[llvm] 05443ad - [X86] isHorizontalBinOp - always create HADD/SUB if it will be merged with another existing HADD/SUB
Simon Pilgrim via llvm-commits
llvm-commits at lists.llvm.org
Tue May 28 02:55:19 PDT 2024
Author: Simon Pilgrim
Date: 2024-05-28T10:55:05+01:00
New Revision: 05443aded7b2fa43af01bc0cfab024277855ca30
URL: https://github.com/llvm/llvm-project/commit/05443aded7b2fa43af01bc0cfab024277855ca30
DIFF: https://github.com/llvm/llvm-project/commit/05443aded7b2fa43af01bc0cfab024277855ca30.diff
LOG: [X86] isHorizontalBinOp - always create HADD/SUB if it will be merged with another existing HADD/SUB
Fixes some more cases from #34072 where undemanded vector elements prevent HADD/SUB being matched on slow targets
Added:
Modified:
llvm/lib/Target/X86/X86ISelLowering.cpp
llvm/test/CodeGen/X86/haddsub-undef.ll
Removed:
################################################################################
diff --git a/llvm/lib/Target/X86/X86ISelLowering.cpp b/llvm/lib/Target/X86/X86ISelLowering.cpp
index 7df8ffb7d0396..2d8343ffa1a0b 100644
--- a/llvm/lib/Target/X86/X86ISelLowering.cpp
+++ b/llvm/lib/Target/X86/X86ISelLowering.cpp
@@ -51571,7 +51571,8 @@ static SDValue combineVEXTRACT_STORE(SDNode *N, SelectionDAG &DAG,
static bool isHorizontalBinOp(unsigned HOpcode, SDValue &LHS, SDValue &RHS,
SelectionDAG &DAG, const X86Subtarget &Subtarget,
bool IsCommutative,
- SmallVectorImpl<int> &PostShuffleMask) {
+ SmallVectorImpl<int> &PostShuffleMask,
+ bool ForceHorizOp) {
// If either operand is undef, bail out. The binop should be simplified.

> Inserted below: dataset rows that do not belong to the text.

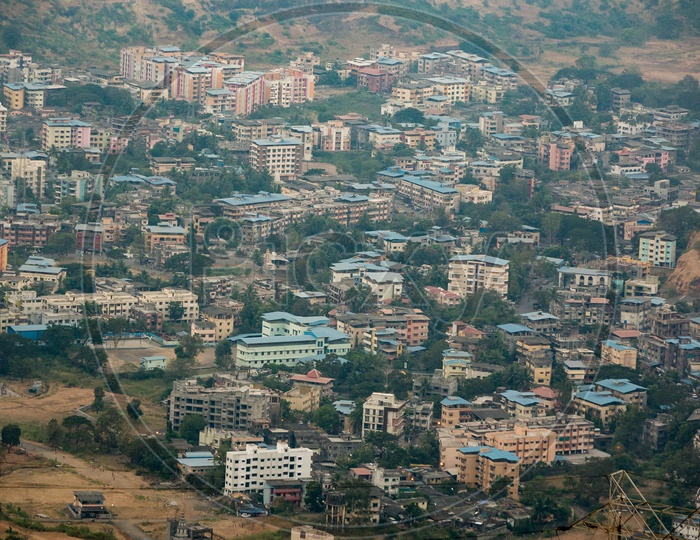 aerial View of a City With Houses From a Hill top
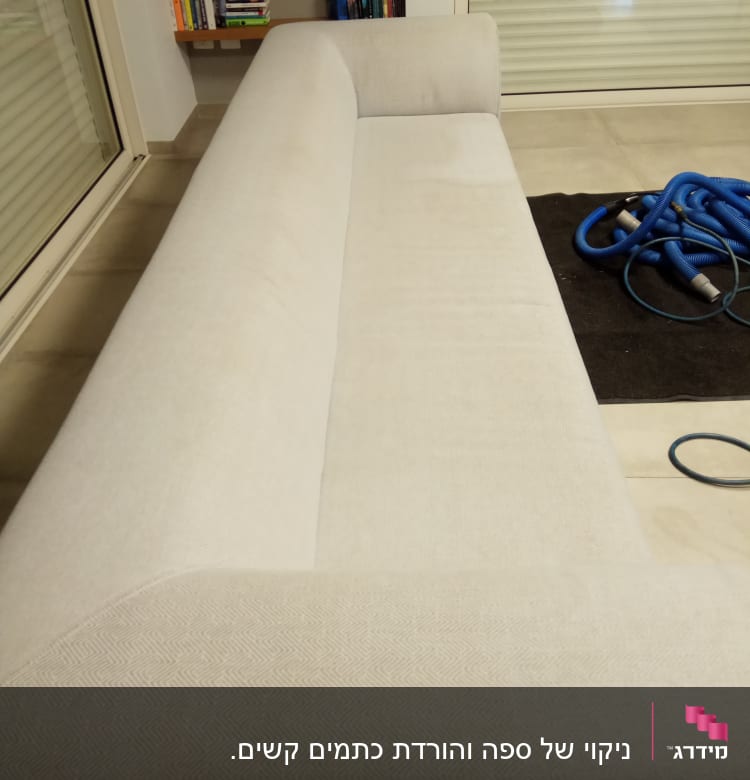 ספה בהירה עם צינורות ניקוי כחולים על הרצפה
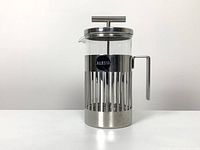 Front view of glass carafe in stainless steel base with handle and lid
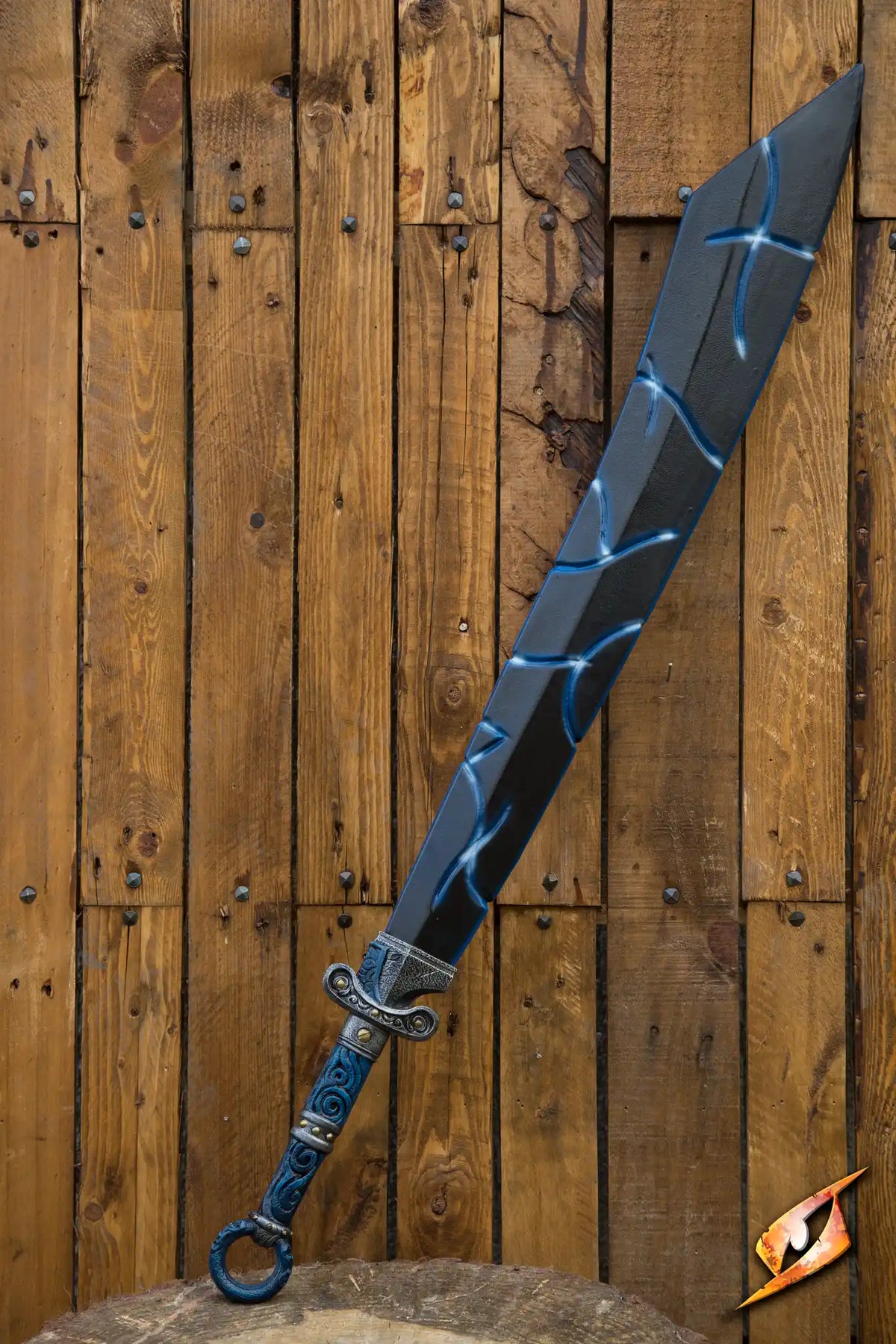 A striking Magic Dao sword displayed against a wooden backdrop, showcasing intricate designs and vibrant colors.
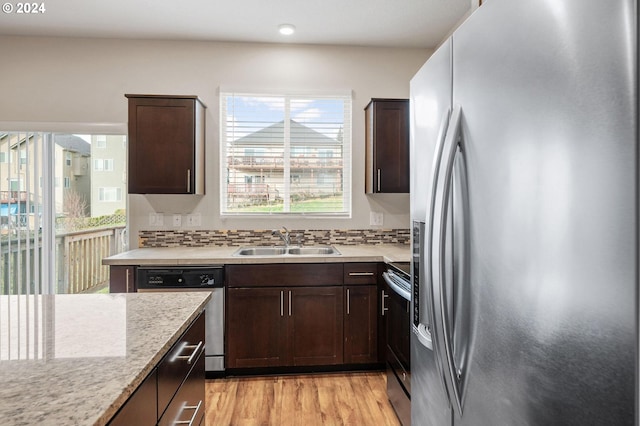 kitchen featuring light wood-type flooring, sink, appliances with stainless steel finishes, and tasteful backsplash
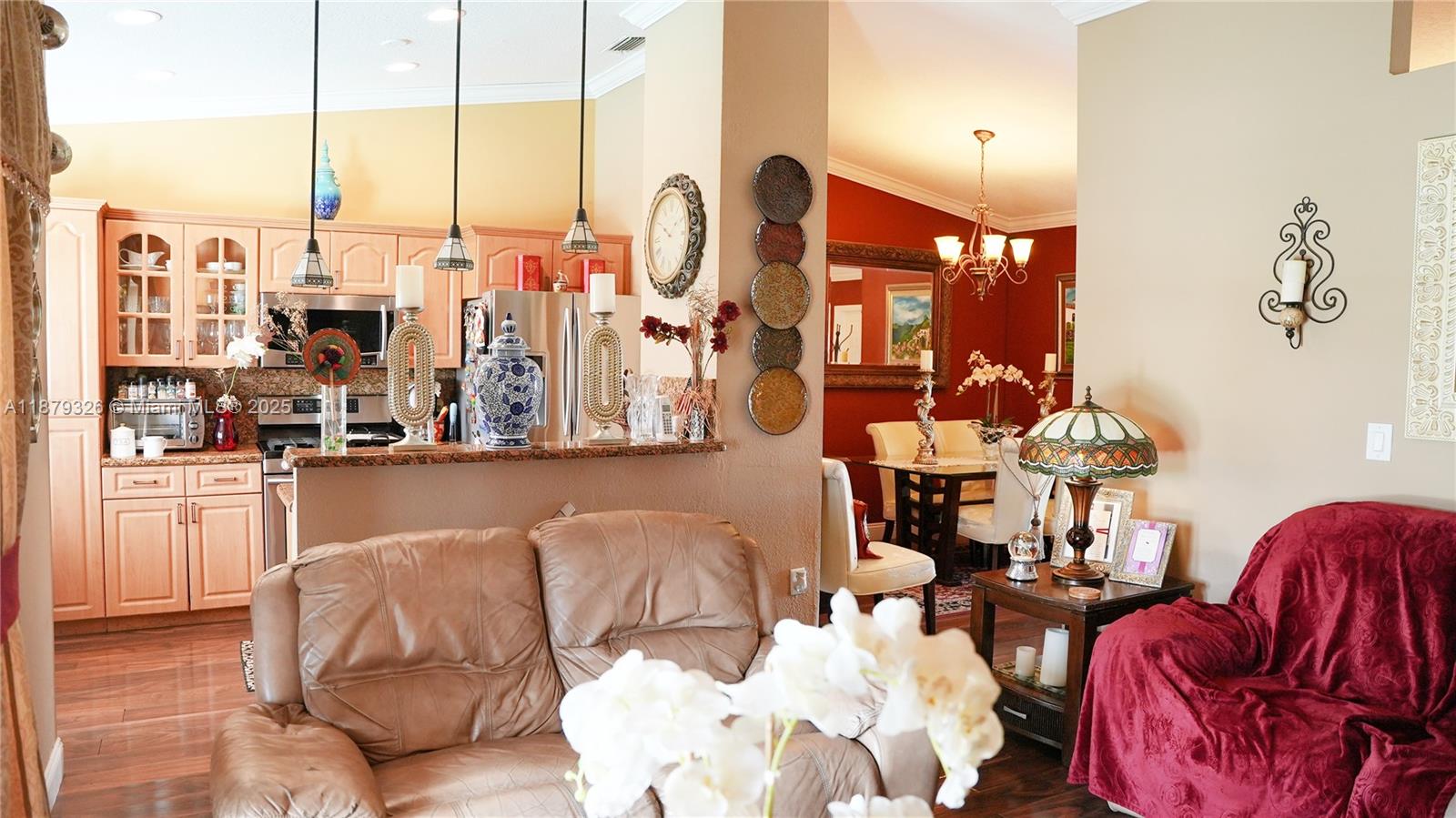 14856 Southwest 174th Street Miami, FL 33187 - Photo 18 of 31 a living room with furniture and chandelier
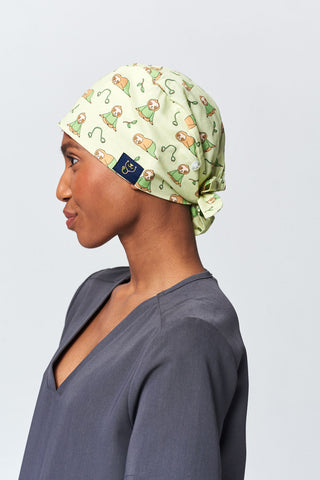 A Dentist Wearing a Dr. Woof Little Sloth Surgical Scrub Cap 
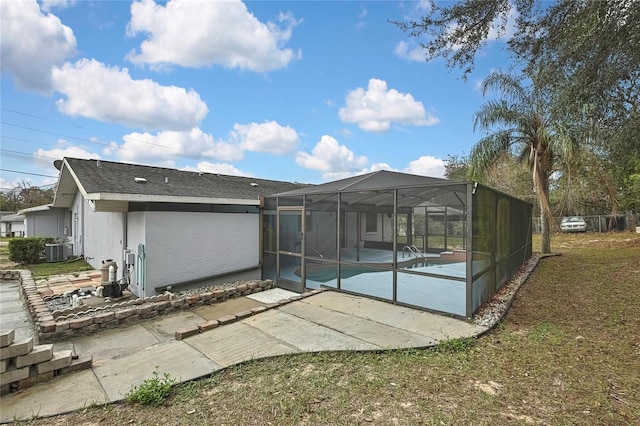 rear view of property with glass enclosure, a patio, central AC, an outdoor pool, and stucco siding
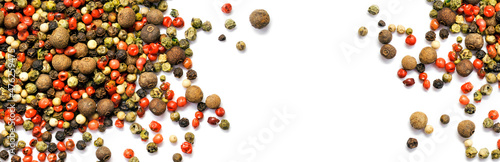 Black, red and white pepper grains isolated on white. Spice. Panorama. Banner.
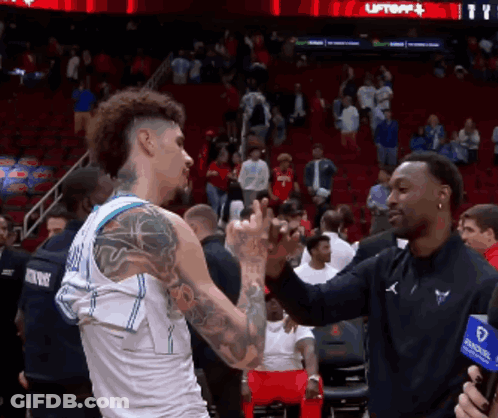A Basketball Player With A Tattoo On His Arm Shakes Hands With Another Man GIF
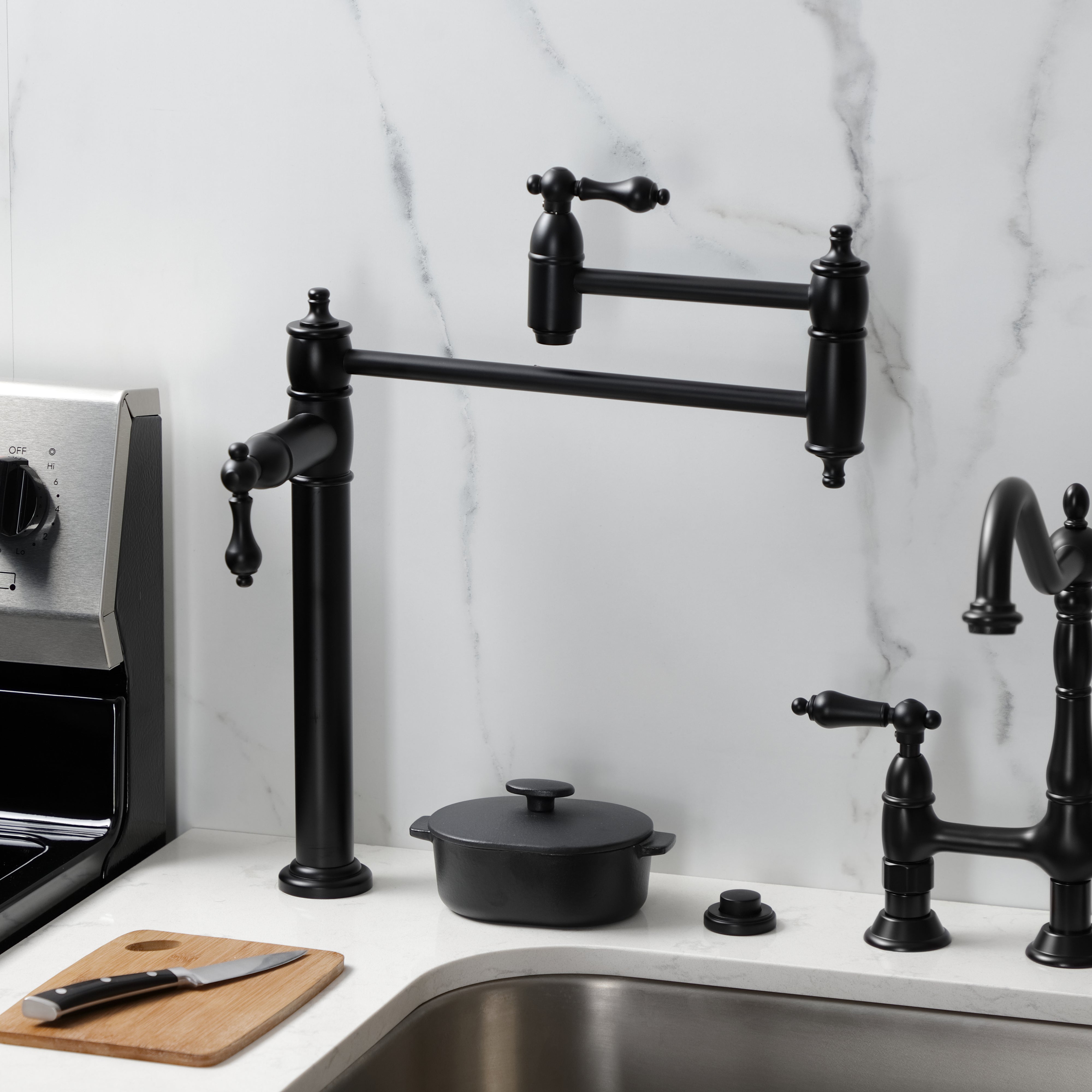 Kingston Brass KS3703AL Restoration Deck Mount Pot Filler Faucet, Antique Brass in a modern kitchen setting.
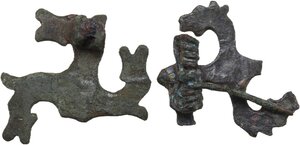 reverse: TWO ROMAN BRONZE SWASTIKA FIBULAE Roman period, Balkan area, c. 3rd-4th century AD. Lot of two roman bronze swastika fibulae with the depiction of a stylised horse s head on each arm of the hooked cross. Dimensions: both 36 mm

if (LHS.isUndef() || RHS.isUndef())
return false;
@@ -51734,13 +51735,12 @@ static bool isHorizontalBinOp(unsigned HOpcode, SDValue &LHS, SDValue &RHS,
// If the source nodes are already used in HorizOps then always accept this.
// Shuffle folding should merge these back together.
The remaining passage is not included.